It is generally acknowledged, and empirical experiments confirm, that when using two eyes, our threshold of detection of faint objects is approximately 1.4 times as good as with one eye.2 This is a consequence of what is called binocular summation,3 which is itself probably a result of at least two different phenomena:

• Statistical summation. For objects of a low threshold of visibility, there is a greater probability that photons from the object will be detected by at least one of two detectors (in this case, eyes) than by a single detector. If the probability of detection in one detector is just over 0.5, then the probability of detection in both is indeed approximately 1.4 times greater. For example, for a detection probability of 0.6 in one detector, the probability of detection in one of two identical detectors is given by:

P(Both) = P(Right) OR P(Left) - (P(Right) AND P(Left)) = 0.6 + 0.6 - (0.6 x 0.6) = 0.84 0.84/0.6 = 1.4

• Physiological summation. This is essentially an improvement of signal-to-noise ratio (SNR). The signals from each eye are added, but the random neural noise is partially canceled. If the noise is random, the resulting improvement in SNR will be V2, or approximately 1.4.

The consequence of binocular summation is that, with two eyes, we experience an improvement in both acuity of vision and in contrast.

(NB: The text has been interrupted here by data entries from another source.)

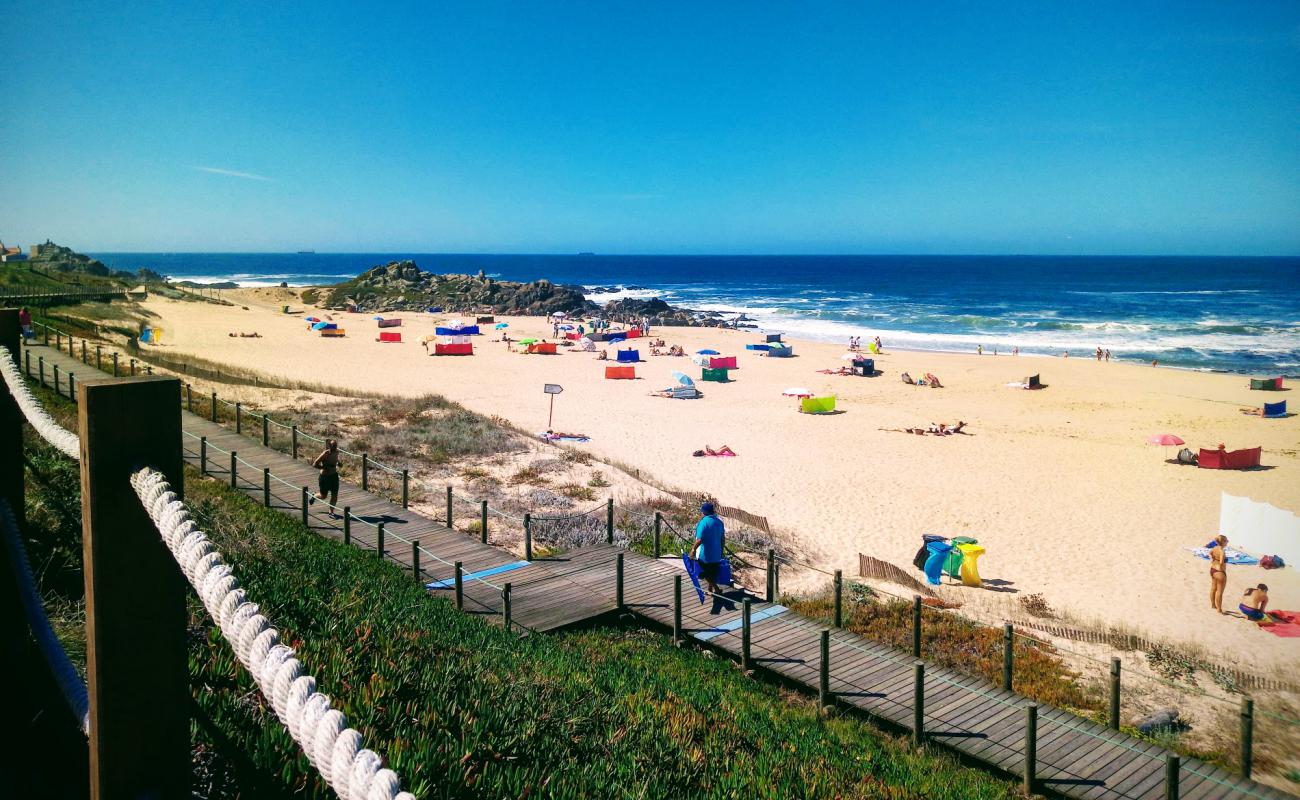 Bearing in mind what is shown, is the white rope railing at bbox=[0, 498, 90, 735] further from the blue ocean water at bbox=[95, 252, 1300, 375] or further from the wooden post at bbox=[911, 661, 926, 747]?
the blue ocean water at bbox=[95, 252, 1300, 375]

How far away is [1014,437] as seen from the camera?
27.8 m

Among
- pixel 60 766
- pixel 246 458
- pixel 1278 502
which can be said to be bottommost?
pixel 1278 502

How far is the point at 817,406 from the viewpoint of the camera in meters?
31.1

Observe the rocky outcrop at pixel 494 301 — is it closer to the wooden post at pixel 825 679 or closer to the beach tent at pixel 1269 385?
the beach tent at pixel 1269 385

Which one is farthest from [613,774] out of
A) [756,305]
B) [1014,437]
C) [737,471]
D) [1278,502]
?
[756,305]

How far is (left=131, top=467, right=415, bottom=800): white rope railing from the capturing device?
1.57 metres

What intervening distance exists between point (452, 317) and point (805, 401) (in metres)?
46.1

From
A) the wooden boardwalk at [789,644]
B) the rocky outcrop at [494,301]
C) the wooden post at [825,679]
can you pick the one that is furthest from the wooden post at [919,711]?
the rocky outcrop at [494,301]

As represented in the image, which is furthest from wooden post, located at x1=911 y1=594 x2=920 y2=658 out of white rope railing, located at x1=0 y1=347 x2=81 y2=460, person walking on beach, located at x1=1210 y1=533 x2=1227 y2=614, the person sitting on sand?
white rope railing, located at x1=0 y1=347 x2=81 y2=460

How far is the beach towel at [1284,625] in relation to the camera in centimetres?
1281

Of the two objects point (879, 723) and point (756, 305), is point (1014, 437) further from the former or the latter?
point (756, 305)

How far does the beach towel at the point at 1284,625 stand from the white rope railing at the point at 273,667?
50.7ft

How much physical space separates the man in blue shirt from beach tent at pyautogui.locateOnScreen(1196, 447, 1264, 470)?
19602 mm

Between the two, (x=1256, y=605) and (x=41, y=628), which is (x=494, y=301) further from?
(x=41, y=628) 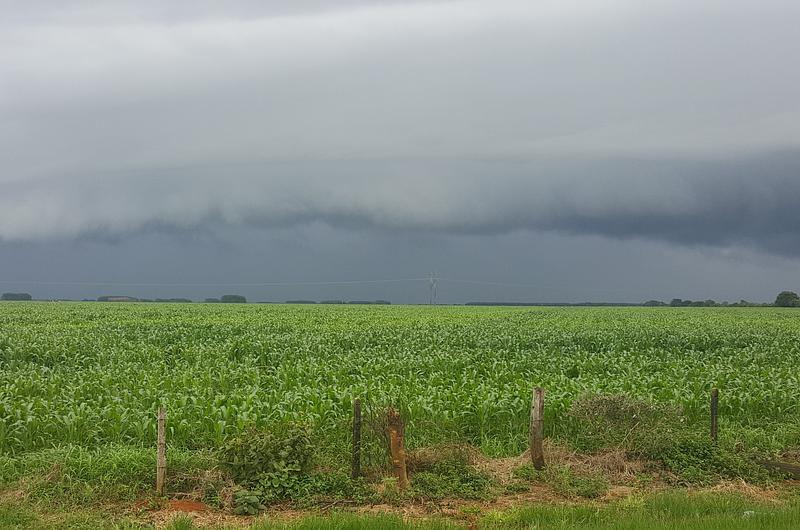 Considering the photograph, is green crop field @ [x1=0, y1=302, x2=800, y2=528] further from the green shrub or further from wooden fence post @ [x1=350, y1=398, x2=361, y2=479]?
wooden fence post @ [x1=350, y1=398, x2=361, y2=479]

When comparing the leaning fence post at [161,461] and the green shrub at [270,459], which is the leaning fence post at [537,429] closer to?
the green shrub at [270,459]

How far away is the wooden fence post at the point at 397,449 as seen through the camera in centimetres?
879

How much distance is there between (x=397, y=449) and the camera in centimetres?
884

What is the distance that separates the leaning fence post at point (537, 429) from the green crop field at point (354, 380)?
1.37 meters

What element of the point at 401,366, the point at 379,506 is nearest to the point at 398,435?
the point at 379,506

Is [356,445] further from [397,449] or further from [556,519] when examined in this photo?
[556,519]

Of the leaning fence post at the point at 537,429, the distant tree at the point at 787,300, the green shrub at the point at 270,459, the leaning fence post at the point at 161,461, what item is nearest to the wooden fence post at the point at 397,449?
the green shrub at the point at 270,459

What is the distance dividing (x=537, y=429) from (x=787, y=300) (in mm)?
144782

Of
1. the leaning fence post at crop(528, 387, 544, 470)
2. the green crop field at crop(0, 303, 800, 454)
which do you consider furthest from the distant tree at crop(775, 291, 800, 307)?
the leaning fence post at crop(528, 387, 544, 470)

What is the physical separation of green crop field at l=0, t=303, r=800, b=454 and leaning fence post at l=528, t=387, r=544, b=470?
1.37 m

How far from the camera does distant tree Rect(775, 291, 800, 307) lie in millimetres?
128275

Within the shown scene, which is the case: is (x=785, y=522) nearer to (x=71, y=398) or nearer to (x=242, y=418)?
(x=242, y=418)

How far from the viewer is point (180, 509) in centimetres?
814

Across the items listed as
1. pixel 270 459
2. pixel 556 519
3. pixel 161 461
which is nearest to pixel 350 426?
pixel 270 459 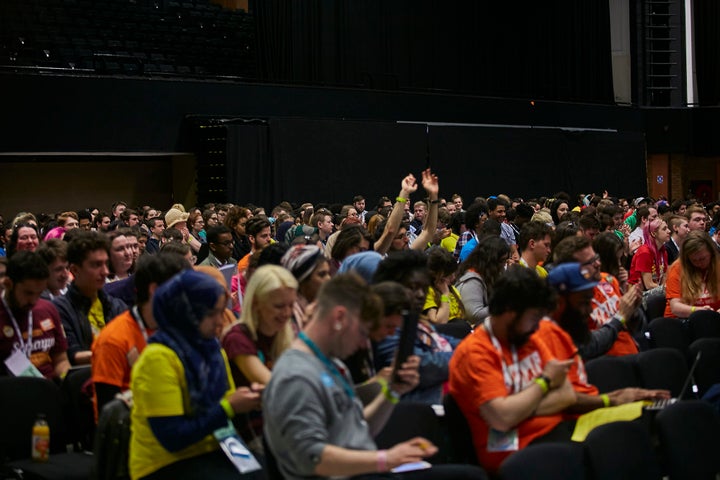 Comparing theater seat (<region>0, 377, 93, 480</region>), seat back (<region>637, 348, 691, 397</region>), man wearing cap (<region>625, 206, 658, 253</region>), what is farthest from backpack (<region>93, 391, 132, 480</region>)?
man wearing cap (<region>625, 206, 658, 253</region>)

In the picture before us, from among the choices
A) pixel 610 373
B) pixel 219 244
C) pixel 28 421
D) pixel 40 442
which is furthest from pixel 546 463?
pixel 219 244

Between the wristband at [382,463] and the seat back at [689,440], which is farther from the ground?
the wristband at [382,463]

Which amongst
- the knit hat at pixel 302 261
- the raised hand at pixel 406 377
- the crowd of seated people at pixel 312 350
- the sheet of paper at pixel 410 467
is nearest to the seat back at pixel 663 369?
the crowd of seated people at pixel 312 350

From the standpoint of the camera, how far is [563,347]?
448 cm

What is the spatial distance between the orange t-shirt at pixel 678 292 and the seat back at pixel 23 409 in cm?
446

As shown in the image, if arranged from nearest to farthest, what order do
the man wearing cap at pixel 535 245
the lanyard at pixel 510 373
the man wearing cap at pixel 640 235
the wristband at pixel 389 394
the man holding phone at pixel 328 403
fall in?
the man holding phone at pixel 328 403
the wristband at pixel 389 394
the lanyard at pixel 510 373
the man wearing cap at pixel 535 245
the man wearing cap at pixel 640 235

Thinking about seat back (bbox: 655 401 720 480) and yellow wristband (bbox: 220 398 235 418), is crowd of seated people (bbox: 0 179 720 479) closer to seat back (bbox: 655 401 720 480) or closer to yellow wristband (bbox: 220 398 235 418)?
yellow wristband (bbox: 220 398 235 418)

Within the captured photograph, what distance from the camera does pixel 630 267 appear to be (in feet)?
32.2

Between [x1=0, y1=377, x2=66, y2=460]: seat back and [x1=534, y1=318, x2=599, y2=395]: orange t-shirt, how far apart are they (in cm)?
233

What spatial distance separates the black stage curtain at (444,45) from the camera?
21.6 meters

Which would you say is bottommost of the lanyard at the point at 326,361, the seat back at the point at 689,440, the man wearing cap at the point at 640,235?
the seat back at the point at 689,440

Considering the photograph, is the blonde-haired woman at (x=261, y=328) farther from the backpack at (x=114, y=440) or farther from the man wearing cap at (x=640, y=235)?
the man wearing cap at (x=640, y=235)

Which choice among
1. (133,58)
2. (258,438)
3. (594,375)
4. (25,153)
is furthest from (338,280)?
(133,58)

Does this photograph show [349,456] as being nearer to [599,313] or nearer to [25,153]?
[599,313]
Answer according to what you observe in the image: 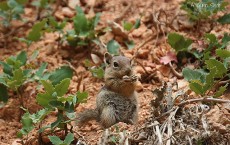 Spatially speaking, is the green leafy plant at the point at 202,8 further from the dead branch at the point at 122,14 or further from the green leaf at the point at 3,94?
the green leaf at the point at 3,94

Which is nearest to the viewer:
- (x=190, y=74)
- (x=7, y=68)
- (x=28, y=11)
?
(x=190, y=74)

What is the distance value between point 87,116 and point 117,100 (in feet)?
1.07

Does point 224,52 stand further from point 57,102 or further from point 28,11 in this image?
point 28,11

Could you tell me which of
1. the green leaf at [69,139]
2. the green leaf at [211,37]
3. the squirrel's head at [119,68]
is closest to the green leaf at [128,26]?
the squirrel's head at [119,68]

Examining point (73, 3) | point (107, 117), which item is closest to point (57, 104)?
point (107, 117)

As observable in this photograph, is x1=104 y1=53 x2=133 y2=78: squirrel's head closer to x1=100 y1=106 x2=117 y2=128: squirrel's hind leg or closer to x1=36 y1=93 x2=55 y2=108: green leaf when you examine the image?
x1=100 y1=106 x2=117 y2=128: squirrel's hind leg

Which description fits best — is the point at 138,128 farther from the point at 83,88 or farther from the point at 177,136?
the point at 83,88

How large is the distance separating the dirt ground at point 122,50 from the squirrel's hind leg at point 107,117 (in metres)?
0.14

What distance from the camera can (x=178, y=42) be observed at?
5.69 m

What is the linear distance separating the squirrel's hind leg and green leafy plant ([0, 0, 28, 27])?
86.3 inches

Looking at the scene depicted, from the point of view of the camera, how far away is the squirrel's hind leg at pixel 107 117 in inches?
189

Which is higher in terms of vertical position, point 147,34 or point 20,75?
point 20,75

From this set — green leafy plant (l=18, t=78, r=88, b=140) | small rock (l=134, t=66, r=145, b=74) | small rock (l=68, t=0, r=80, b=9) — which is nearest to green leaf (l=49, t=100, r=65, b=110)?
green leafy plant (l=18, t=78, r=88, b=140)

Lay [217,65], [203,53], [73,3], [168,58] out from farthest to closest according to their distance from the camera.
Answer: [73,3] → [168,58] → [203,53] → [217,65]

This is apparent when we have our eyes tested by an optometrist, where we notice that the eye chart is easier to read with both eyes than with one eye alone. It is easy to demonstrate this with binoculars: find an object that you can only just detect, or a double star that you can only just split, with both eyes, then cap each objective in turn. You may even notice it while reading this page! However, this is only true for well-corrected vision; if the image in one eye is sufficiently degraded, then the consequence is that binocular vision is degraded to below the performance for the good eye. This obviously has implications for when we use binoculars.

Another bonus of using two eyes is stereopsis. Although astronomical objects are obviously far too distant for them to be seen with true stereoscopic vision, when we use both eyes, there is an illusion of stereoscopic vision that enhances the aesthetic attributes of many objects. I find this effect particularly apparent with rich open clusters, especially when there are stars of obviously different colors.

Lastly, when you observe with two eyes one eye sees the small part of the field of the other eye that is obliterated by the blind spot, the location on the retina where the optic nerve enters the eye. In this sense, the binocular can be said to give a more complete view than single-eye observing.